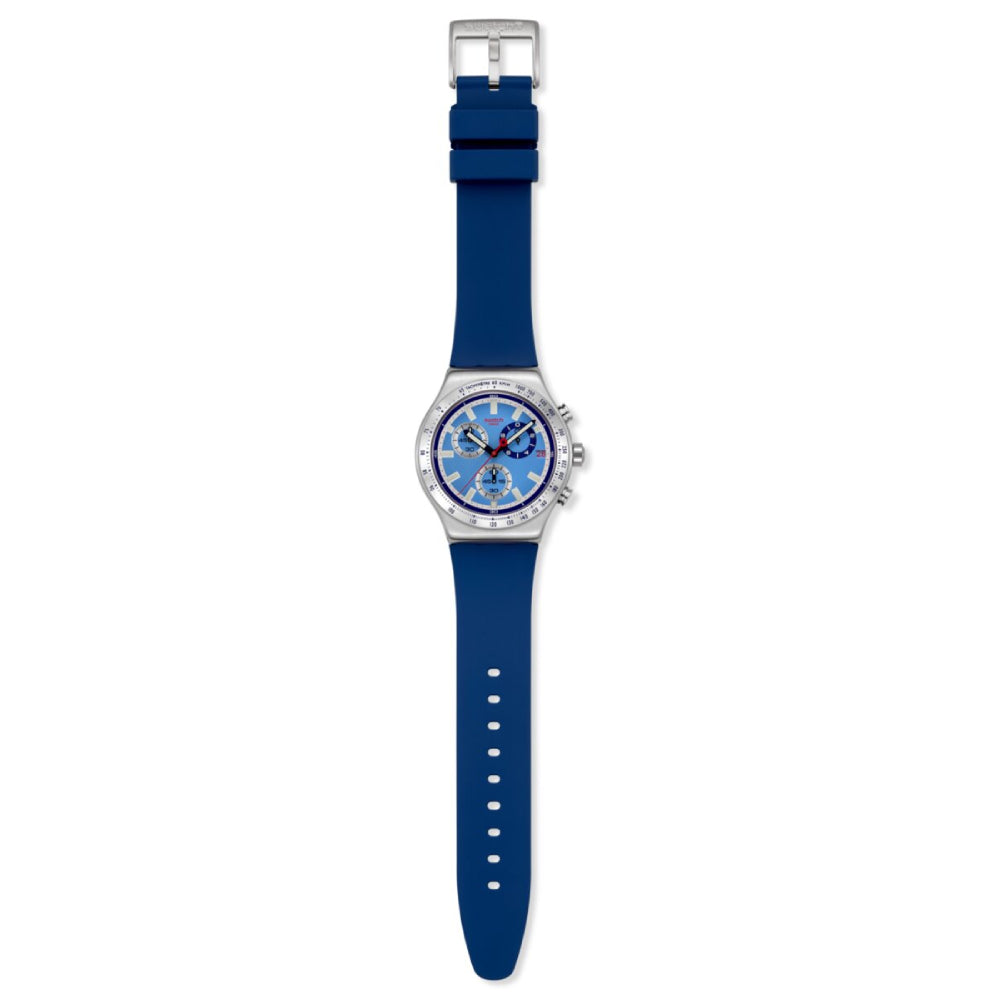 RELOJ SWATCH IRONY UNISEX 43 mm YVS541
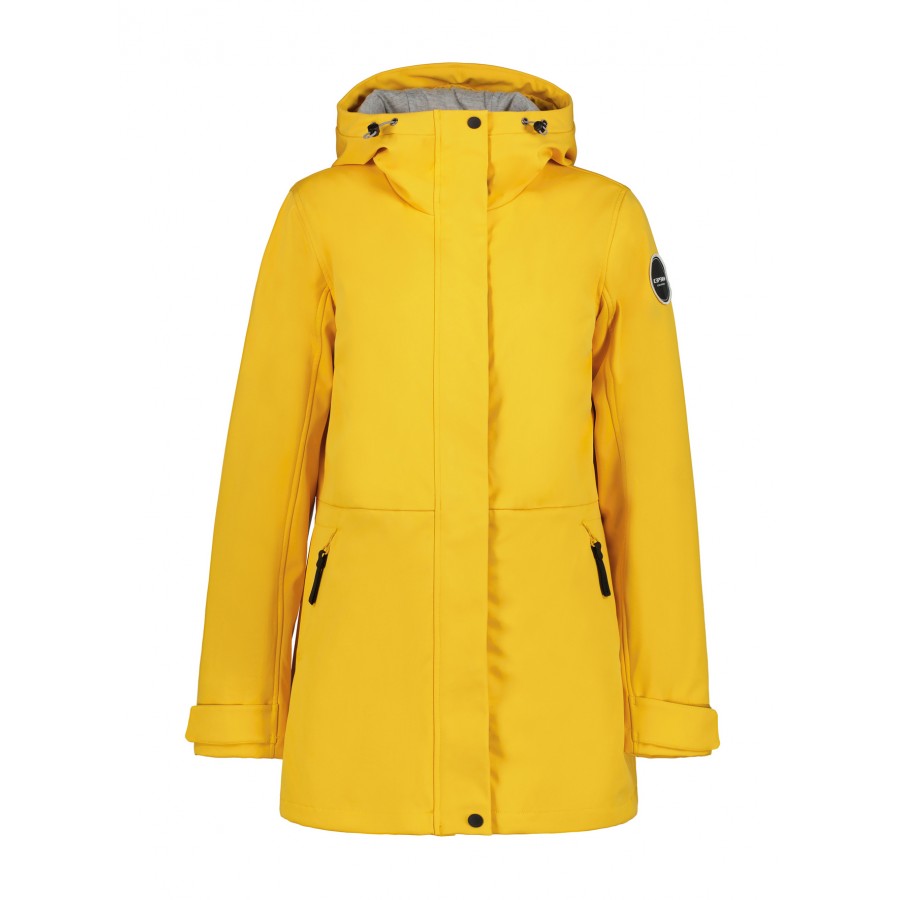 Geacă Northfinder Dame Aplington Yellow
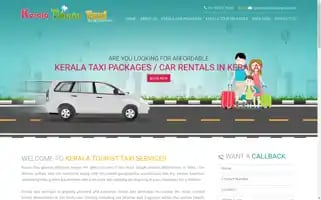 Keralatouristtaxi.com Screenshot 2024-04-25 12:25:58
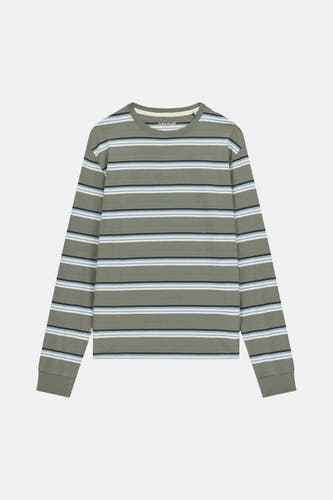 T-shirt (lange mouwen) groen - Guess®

**ASSIGNMENT**
From the line containing "Keralatouristtaxi.com Screenshot 2024-04-25" down to the final line of the listing above, write out only those lines exactly as they are, minus the pictures.

**WORKED SOLUTION**
 Keralatouristtaxi.com Screenshot 2024-04-25 12:25:58
 T-shirt (lange mouwen) groen - Guess®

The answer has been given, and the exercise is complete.